Some of the marchers, of course, were serial demonstrators
- CND veterans, hard-Left agitators, Muslim activists
- and many seemed to be more concerned about Palestine
than Iraq.
Yet
the usual suspects could not have accounted for numbers
on this scale. It seems statistically likely that, as
Armando Iannucci predicted in these pages last week, several
Daily Telegraph readers, too, took to the streets. The
marchers, by any measure, have earned the right to be
taken seriously.
Let
us, then, do precisely this. Let us imagine that the protesters
get their way. Suppose that Tony Blair decides it would
be morally wrong - or electorally unwise - to commit British
troops to a war that lacks home support; that other world
leaders, observing the rallies in their own capitals,
make the same calculation; and that George Bush, seeing
the international coalition fall away, and worried about
the enthusiasm of American voters, backs down. What would
happen then? Who would be the winners and who the losers?
The
biggest winner would obviously be Saddam Hussein. His
position, both in Iraq and across the Arab world, would
become virtually unassailable. Having seen off both the
United Nations and the United States, he would understandably
feel that no force could stand in his way.
For
which reason, the biggest losers would be Iraqi dissidents,
a category that now effectively includes the entire Kurdish
and Shi'ite populations - in other words, a majority of
Saddam's subjects. On them would fall the vindictive wrath
of a tyrant who regards them as agents of a foreign power,
and who would no longer have cause to fear that power.
The
UN weapons inspectors would also be immediate losers.

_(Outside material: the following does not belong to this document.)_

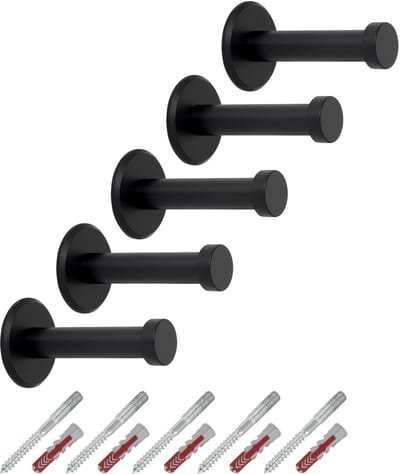 5 stuks SOTECH kapstokhaken Talea RVS zwart gepoederlakt lengte: 53 mm incl. plaatje en bevestigingsset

After repeatedly being denied access to sensitive areas,
they eventually left Iraq in despair four years ago. The
only thing that persuaded Saddam to readmit them was the
obvious readiness of the Americans and British to invade
him again.
Take
away that pressure and even the grudging and partial acceptance
that Baghdad has offered UN officials would vanish. Secure
in the knowledge that he would not be attacked, Saddam
would soon exclude the inspectors again and return to
building up his illegal arsenals.
Saddam's
victory would not be confined to Iraq. Across the Middle
East, strongmen would be heartened, reformers weakened.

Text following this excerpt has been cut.